VATICAN CITY (Reuters) - The Vatican was set to go green on Wednesday with the activation of a new solar energy system to power several key buildings and a commitment to use renewable energy for 20 percent of its needs by 2020.

The massive roof of the Vatican's "Nervi Hall," where popes hold general audiences and concerts are performed, has been covered with 2,400 photovoltaic panels -- but they will not be visible from below, leaving the Vatican skyline unchanged.

The new system on the 5,000 square meter roof will provide for all the year-round energy needs of the hall and several surrounding buildings, producing 300 kilowatt hours (MWh) of clean energy a year.

The system, devised by the German company SolarWorld, will allow the 108-acre city-state to cut its carbon dioxide emissions by about 225,000 kilograms (225 tonnes) and save the equivalent of 80 tonnes of oil each year.

The Holy See's newspaper said on Tuesday that the Vatican planned to install enough renewable energy sources to provide 20 percent of its needs by 2020, broadly in line with a proposal by the European Union.

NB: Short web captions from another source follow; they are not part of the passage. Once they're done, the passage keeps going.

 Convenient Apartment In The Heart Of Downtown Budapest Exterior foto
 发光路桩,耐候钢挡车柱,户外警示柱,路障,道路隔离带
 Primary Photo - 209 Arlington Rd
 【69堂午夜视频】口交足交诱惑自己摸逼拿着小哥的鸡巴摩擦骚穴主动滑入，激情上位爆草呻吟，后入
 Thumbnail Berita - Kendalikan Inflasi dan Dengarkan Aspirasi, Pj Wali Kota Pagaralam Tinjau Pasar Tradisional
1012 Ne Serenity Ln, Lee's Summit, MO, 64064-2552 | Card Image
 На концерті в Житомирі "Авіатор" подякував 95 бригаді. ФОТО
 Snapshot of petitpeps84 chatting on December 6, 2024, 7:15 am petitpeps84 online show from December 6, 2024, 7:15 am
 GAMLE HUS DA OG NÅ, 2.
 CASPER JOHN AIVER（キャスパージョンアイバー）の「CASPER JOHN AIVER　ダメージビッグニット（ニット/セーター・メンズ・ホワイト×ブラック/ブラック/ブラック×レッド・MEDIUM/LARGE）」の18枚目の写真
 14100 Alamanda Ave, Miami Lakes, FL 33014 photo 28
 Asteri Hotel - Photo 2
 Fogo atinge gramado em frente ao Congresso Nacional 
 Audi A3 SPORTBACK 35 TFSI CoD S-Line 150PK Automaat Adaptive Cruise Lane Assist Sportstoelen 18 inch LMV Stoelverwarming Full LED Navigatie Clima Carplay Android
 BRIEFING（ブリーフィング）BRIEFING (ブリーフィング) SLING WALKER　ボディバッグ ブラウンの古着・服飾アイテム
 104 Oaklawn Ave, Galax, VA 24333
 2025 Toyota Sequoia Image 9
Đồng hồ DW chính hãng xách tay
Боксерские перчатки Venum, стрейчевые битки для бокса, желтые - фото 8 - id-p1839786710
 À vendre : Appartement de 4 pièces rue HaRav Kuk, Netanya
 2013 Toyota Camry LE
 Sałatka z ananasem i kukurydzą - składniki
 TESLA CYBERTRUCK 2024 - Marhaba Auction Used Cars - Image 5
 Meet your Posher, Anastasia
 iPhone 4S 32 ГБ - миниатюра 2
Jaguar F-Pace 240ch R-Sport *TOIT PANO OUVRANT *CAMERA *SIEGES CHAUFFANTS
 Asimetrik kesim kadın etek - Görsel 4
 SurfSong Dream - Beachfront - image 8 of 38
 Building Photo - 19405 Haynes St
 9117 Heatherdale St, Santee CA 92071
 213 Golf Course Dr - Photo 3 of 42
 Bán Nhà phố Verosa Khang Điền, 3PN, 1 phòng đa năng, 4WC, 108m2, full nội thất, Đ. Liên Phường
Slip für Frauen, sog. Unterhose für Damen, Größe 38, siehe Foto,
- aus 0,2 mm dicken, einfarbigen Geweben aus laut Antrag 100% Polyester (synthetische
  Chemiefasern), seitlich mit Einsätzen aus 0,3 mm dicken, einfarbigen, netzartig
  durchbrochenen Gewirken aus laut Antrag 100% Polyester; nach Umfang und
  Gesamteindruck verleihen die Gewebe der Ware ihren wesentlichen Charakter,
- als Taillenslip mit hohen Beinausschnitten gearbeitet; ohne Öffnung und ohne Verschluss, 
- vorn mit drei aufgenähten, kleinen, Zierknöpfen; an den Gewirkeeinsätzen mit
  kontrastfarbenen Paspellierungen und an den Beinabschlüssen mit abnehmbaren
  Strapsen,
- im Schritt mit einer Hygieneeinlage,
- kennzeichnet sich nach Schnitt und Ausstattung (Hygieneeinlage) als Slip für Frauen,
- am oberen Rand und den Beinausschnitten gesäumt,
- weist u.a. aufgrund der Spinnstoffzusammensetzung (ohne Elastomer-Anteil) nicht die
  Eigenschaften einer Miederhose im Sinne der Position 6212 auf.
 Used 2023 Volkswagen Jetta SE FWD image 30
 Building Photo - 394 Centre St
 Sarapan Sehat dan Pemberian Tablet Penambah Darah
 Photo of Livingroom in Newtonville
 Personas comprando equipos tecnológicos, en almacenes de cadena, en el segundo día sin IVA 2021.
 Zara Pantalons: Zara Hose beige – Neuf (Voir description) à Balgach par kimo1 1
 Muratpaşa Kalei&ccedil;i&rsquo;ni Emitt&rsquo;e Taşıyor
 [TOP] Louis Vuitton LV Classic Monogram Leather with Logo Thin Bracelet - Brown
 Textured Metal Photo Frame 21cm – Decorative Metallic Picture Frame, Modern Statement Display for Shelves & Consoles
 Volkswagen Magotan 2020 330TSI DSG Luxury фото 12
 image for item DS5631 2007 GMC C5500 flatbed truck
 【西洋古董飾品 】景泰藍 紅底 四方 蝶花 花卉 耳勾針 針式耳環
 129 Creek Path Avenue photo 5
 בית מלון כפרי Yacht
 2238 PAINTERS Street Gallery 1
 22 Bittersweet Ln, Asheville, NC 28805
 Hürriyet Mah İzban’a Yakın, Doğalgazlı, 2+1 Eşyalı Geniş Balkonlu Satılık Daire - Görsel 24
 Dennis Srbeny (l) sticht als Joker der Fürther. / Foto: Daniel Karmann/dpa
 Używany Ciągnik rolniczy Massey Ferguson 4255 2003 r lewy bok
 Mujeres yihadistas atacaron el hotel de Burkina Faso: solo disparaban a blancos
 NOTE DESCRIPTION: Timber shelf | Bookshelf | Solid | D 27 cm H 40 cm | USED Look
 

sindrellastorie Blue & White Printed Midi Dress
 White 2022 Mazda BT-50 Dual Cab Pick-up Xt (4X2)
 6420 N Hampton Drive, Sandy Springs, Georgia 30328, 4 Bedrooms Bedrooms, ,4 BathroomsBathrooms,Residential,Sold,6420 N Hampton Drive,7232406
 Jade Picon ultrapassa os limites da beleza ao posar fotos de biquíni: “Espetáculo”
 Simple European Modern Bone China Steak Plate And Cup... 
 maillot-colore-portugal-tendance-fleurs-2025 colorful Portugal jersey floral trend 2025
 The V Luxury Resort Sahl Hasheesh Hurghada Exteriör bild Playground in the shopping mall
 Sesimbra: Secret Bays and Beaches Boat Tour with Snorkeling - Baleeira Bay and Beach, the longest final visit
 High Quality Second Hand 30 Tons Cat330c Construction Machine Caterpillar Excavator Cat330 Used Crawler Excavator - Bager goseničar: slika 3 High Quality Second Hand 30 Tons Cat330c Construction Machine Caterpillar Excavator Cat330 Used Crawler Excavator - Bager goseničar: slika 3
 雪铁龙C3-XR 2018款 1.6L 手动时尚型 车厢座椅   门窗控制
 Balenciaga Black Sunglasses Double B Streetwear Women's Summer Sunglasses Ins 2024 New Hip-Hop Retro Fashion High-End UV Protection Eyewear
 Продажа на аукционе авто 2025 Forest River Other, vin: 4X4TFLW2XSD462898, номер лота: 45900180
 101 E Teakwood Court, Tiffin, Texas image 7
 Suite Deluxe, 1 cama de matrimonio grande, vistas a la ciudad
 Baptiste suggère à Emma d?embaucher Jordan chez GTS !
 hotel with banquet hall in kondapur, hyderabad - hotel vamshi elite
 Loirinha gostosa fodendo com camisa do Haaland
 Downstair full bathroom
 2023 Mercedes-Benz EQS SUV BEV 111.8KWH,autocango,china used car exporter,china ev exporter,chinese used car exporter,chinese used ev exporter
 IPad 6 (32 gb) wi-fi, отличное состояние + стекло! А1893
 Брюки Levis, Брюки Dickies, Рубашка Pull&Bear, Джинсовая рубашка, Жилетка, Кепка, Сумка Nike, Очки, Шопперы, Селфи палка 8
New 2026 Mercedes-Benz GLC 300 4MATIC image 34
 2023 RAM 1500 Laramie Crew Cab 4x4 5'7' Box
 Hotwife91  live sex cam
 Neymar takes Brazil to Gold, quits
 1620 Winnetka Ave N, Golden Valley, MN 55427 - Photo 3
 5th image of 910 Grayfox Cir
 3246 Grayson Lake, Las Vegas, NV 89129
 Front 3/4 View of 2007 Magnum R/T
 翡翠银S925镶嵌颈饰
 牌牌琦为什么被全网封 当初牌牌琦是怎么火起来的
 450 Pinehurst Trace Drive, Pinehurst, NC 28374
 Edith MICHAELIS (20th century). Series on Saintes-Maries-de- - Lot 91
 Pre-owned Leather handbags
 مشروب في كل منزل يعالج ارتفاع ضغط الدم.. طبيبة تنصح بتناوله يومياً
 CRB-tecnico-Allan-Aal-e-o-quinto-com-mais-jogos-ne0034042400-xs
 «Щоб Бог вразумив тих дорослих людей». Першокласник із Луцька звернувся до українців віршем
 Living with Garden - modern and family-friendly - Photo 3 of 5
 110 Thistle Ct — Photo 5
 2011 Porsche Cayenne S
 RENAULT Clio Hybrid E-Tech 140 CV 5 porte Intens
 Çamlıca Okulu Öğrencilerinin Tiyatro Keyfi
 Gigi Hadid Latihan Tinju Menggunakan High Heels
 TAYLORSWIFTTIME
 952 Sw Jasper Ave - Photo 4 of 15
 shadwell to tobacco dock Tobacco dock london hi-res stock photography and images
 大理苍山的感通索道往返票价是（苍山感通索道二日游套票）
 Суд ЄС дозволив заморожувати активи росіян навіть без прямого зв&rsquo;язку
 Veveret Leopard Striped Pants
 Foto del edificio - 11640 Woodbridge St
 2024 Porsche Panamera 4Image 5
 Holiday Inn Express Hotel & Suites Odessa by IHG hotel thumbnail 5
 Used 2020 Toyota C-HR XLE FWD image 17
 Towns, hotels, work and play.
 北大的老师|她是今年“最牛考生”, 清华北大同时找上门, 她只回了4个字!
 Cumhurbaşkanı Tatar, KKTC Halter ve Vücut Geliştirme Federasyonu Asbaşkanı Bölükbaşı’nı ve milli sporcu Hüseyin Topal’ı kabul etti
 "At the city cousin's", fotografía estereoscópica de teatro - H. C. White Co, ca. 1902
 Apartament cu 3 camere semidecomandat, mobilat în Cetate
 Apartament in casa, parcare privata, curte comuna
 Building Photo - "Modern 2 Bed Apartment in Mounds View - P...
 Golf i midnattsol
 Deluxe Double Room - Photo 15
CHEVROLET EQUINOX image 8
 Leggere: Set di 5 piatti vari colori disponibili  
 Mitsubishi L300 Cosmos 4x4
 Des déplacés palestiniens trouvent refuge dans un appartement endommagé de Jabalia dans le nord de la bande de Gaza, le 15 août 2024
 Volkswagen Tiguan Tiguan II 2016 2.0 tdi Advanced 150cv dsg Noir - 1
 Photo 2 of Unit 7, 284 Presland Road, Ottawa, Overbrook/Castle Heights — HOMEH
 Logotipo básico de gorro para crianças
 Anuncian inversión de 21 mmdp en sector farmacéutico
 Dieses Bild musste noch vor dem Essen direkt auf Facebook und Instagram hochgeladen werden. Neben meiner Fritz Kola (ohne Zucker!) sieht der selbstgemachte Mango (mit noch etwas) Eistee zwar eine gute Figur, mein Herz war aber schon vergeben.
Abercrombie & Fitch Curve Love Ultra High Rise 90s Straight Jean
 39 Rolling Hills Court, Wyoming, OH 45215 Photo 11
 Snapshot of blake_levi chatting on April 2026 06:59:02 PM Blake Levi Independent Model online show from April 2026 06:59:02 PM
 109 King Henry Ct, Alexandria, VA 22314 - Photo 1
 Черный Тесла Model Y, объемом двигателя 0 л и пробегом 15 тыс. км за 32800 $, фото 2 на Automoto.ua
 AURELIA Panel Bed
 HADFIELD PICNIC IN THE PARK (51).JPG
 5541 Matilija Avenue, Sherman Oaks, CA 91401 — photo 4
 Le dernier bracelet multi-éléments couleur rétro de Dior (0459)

The 1971 Nervi Hall is named after the renowned architect who designed it, Pier Paolo Nervi, and is one of the most modern buildings in the Vatican, where most structures are several centuries old. The hall can hold up to 10,000 people.

It has a sweeping, wavy roof which made the project feasible and the solar panels virtually invisible from the ground. Church officials have said the Vatican's famous skyline, particularly St Peter's Basilica, would remain untouched.

An editorial in Tuesday's newspaper appealed for greater use of renewable energy.

"The gradual exhaustion of the ozone layer and the greenhouse effect have reached critical dimensions," the newspaper said.

By producing its own energy the Vatican will become more autonomous from Italy, from where it currently buys all its energy. The Vatican is surrounded by Rome.

Pope Benedict and his predecessor John Paul put the Vatican firmly on an environmentalist footing.

Benedict has made numerous appeals for the protection of the environment. The Vatican has hosted a scientific conference to discuss the ramifications of global warming and climate change, widely blamed on human use of fossil fuels.

Environmentalists praised the pope last year after he made a speech saying the human race must listen to "the voice of the earth" or risk destroying the planet.